Records shown:
◇ ◇ ◇ ◇
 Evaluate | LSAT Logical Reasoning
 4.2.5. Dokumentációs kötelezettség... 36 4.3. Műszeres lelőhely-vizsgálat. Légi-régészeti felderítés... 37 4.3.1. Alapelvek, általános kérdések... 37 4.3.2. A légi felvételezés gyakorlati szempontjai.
◇ ◇ ◇ ◇
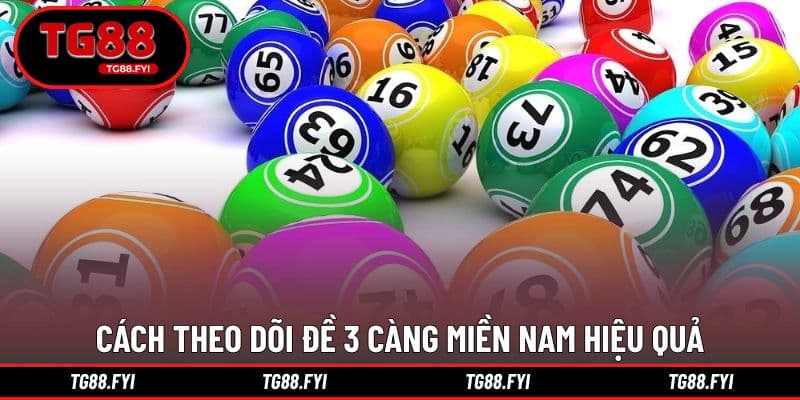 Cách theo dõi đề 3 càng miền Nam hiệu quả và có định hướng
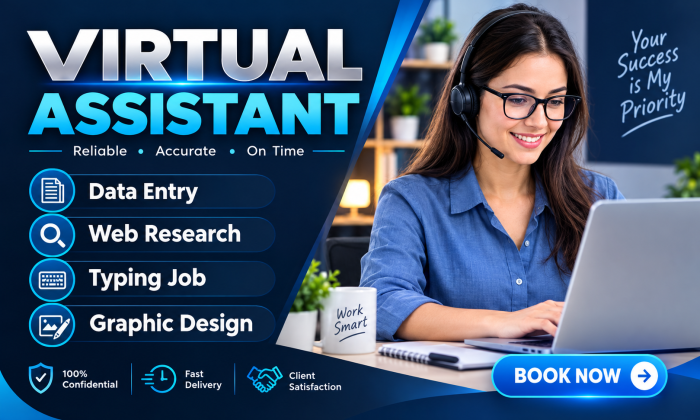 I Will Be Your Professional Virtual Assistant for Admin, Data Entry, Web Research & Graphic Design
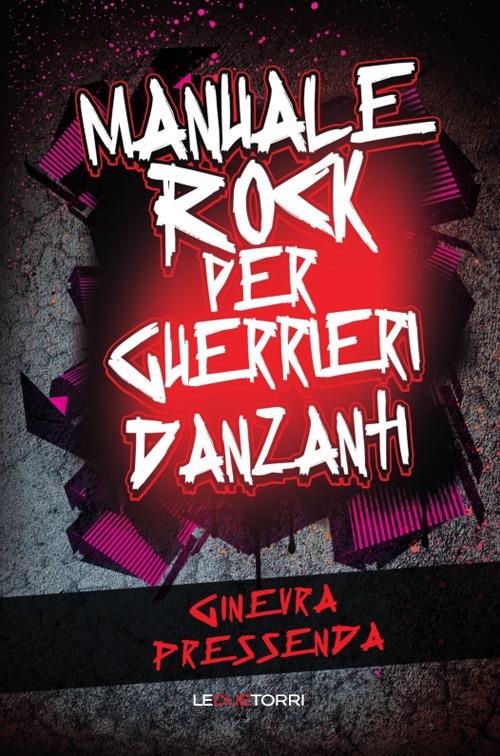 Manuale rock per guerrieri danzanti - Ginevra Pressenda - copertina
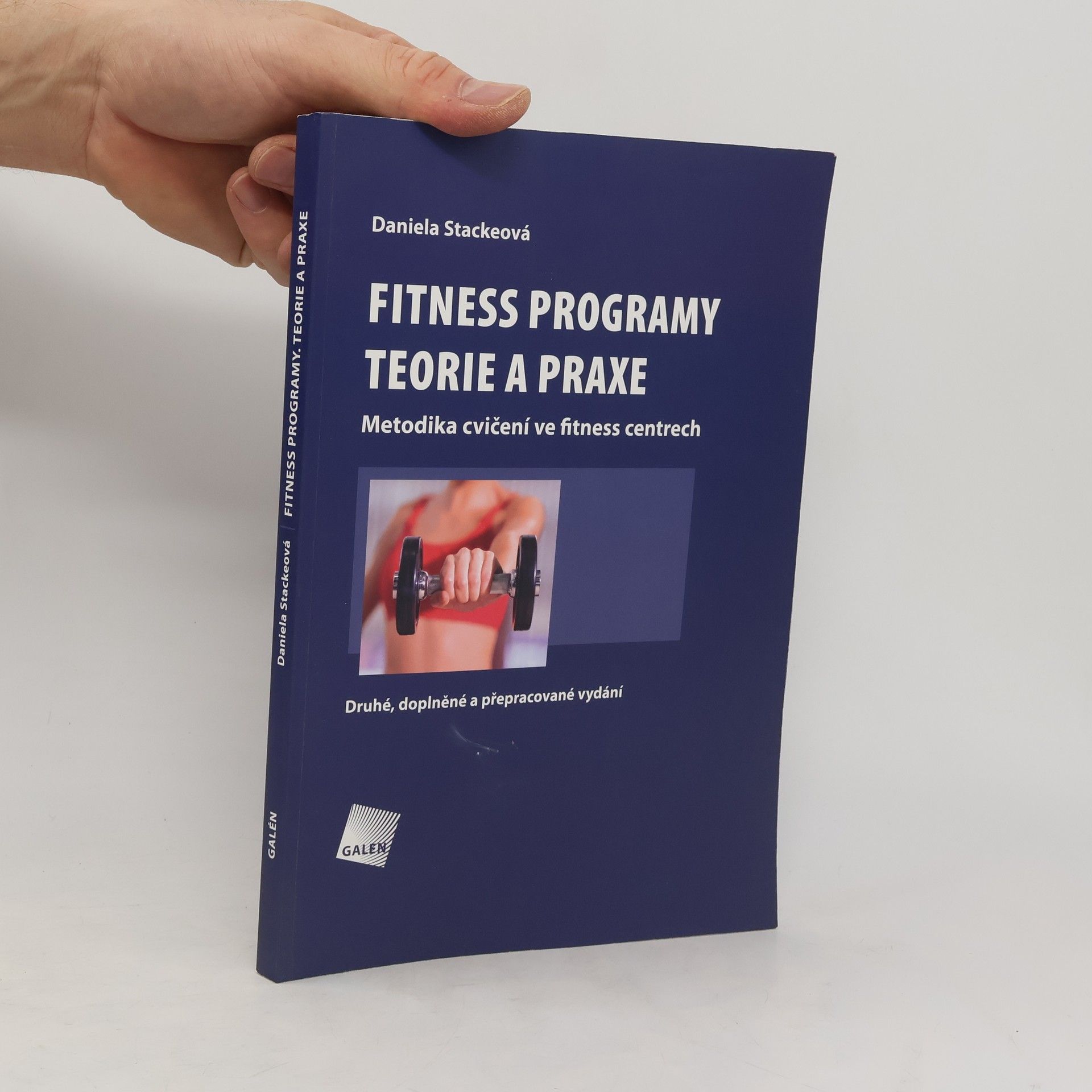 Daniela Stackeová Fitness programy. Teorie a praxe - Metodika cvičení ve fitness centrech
◇ ◇ ◇ ◇
About this exercise: Return a word-for-word copy of the lines above from the one holding "Evaluate | LSAT Logical Reasoning" through the one holding "4.2.5. Dokumentációs kötelezettség...", with both of them included and nothing besides.

Solution:
 Evaluate | LSAT Logical Reasoning
 4.2.5. Dokumentációs kötelezettség... 36 4.3. Műszeres lelőhely-vizsgálat. Légi-régészeti felderítés... 37 4.3.1. Alapelvek, általános kérdések... 37 4.3.2. A légi felvételezés gyakorlati szempontjai.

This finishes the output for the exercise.